There’s still time for another twist, however – reports begin to emerge that Fernández de Kirchner has called Guzmán directly to deny claims she is seeking to oust him from his post.
Vallejos’ leaked WhatsApp audio explodes online
Outgoing national deputy Fernanda Vallejos (Frente de Todos-Buenos Aires Province) poured fuel on the flames of the ruling coalition’s post-PASO crisis with strident criticism of President Alberto Fernández.
An 11-minute WhatsApp audio voice note, which Vallejos later admitted was made by her, quickly spread across social media on Thursday. In it, the deputy – a close ally of Buenos Aires Province Governor Axel Kicillof and Vice-President Cristina Fernández de Kirchner – described President Alberto Fernández as "sick and a squatter digging in" at the Casa Rosada, which she claimed he held "on loan" while surrounded by "useless people."
"We were all hoping that the sick squatter Alberto Fernández would last Monday be holding a press conference in an office with all the resignations on his table,” declared the ultra-Kirchnerite politician, claiming the president was “deaf as well as blind and never listened to anybody nor learned anything from Néstor [Kirchner] nor anybody,”
The recipient of the message was unnamed but reports suggested it was a leader with whom she often exchanges political analysis.

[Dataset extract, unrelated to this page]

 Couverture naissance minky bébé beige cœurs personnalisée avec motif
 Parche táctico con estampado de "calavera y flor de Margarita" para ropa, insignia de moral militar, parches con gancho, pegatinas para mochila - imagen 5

"He wants to conserve his core following of useless people who are all there occupying Casa Rosada offices on loan and have never done anything. There is no political leadership in the Cabinet because the Cabinet chief [Santiago Cafiero] is a clown," continued Vallejos, who complained: "Economic policy should have been subordinated to health policy and not to the reduction of the fiscal deficit to comply with the International Monetary Fund." Recalling how she questioned the previous president Mauricio Macri, she said: "How sad to have to say the same about somebody whom we made president."
In the message in the midst of the crisis facing the government after its PASO primary defeat, the deputy repeated her criticisms: "He’s dug in at the Casa Rosada, a squatter. This government must be relaunched. It already belongs to the past, having failed until now. They handled the pandemic, now we must turn the page and begin a new government."
Finally, she said: "The owner of the votes, the owner of legitimacy, the owner of popular support, the basis of this government and the person who placed him there is Cristina."
Vallejos later apologised to her “comrades” for her “inappropriate” expressions.
Cristina lets rip at Alberto
Heightening the extraordinary political crisis, on Thursday evening, Vice-President Cristina Fernández de Kirchner posts an open letter online entitled: ‘Como siempre… sinceramente.’ The astonishing intervention, which sparks so much traffic her website collapses, blasts the president without reservation.
She blames Fernández for the "political catastrophe" witnessed the previous Sunday and states that the loss is primarily down to the government's mistaken adoption of fiscal austerity.
"Do you seriously believe that it is not necessary, after such a defeat, to publicly present the resignations and that those in charge facilitate the president to reorganise his government?" the vice-president wrote, referring to a string of resignation offers from government officials who respond to her.
In meetings with the president ahead of the vote, Fernández de Kirchner said she repeatedly warned against spending cuts “that were negatively impacting economic activity and society, and which would undoubtedly have electoral consequences.” “I didn’t just tell him once, I got tired of saying it – and not just to the president,” she wrote. “The answer was always that it wasn’t like that, that I was mistaken and that, according to the polls, we were going to do ‘very well’ in the election.”
She closes by recalling that she chose the president to top their ticket in 2019 and calls on Fernández to “honour” the commitment they made.